Without including the pictures, copy out every line below.

INPUT DATA -

________

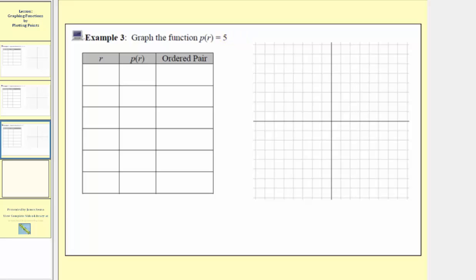To graph this function by plotting points, we'll complete the table provided here, where the input variable is r and the output is p of r. We want to begin by selecting the inputs, find the corresponding outputs, write the ordered pairs, and plot the points on the Cartesian plane. Remember the inputs are along the horizontal axis, so we should select both positive and negative values for the inputs.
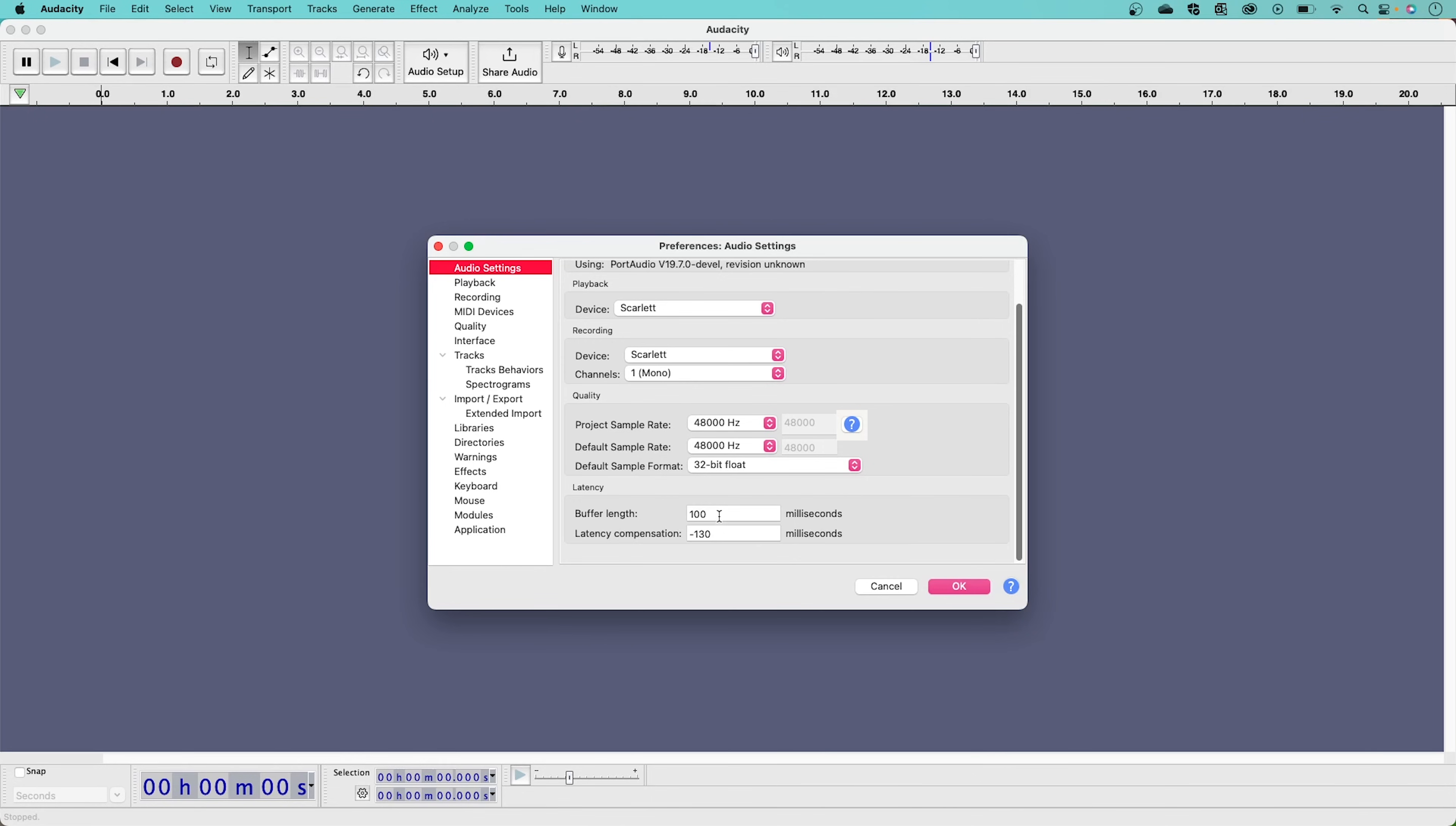Decreasing your Buffer Size down to numbers like 32, 64 and 128 help reduce latency significantly. Experiment with these numbers to help understand what works best with your machine.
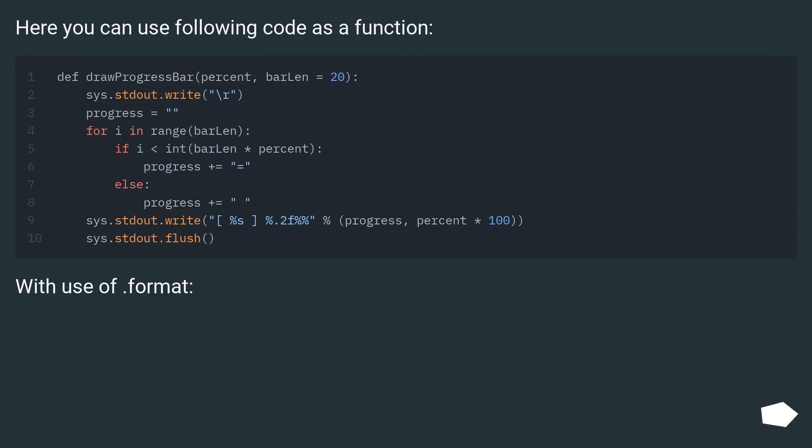Here you can use following code as a function with use of format.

________

FINAL ANSWER -
To graph this function by plotting points, we'll complete the table provided here, where the input variable is r and the output is p of r. We want to begin by selecting the inputs, find the corresponding outputs, write the ordered pairs, and plot the points on the Cartesian plane. Remember the inputs are along the horizontal axis, so we should select both positive and negative values for the inputs.
Decreasing your Buffer Size down to numbers like 32, 64 and 128 help reduce latency significantly. Experiment with these numbers to help understand what works best with your machine.
Here you can use following code as a function with use of format.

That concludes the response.